__Dataset extract__.

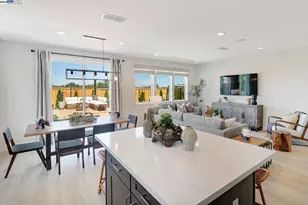 1342 Marceline Dr, Manteca, CA 95336 - Photo 16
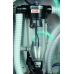 Стоматологическая установка VICTOR 300 international (AM8050)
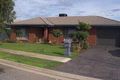 Property photo of 3 Waitz Court Morphett Vale SA 5162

__Exercise brief__.
Retype the data above in full, exactly as it stands, and skip any image.

__Solution for this exercise__.
 1342 Marceline Dr, Manteca, CA 95336 - Photo 16
 Стоматологическая установка VICTOR 300 international (AM8050)
 Property photo of 3 Waitz Court Morphett Vale SA 5162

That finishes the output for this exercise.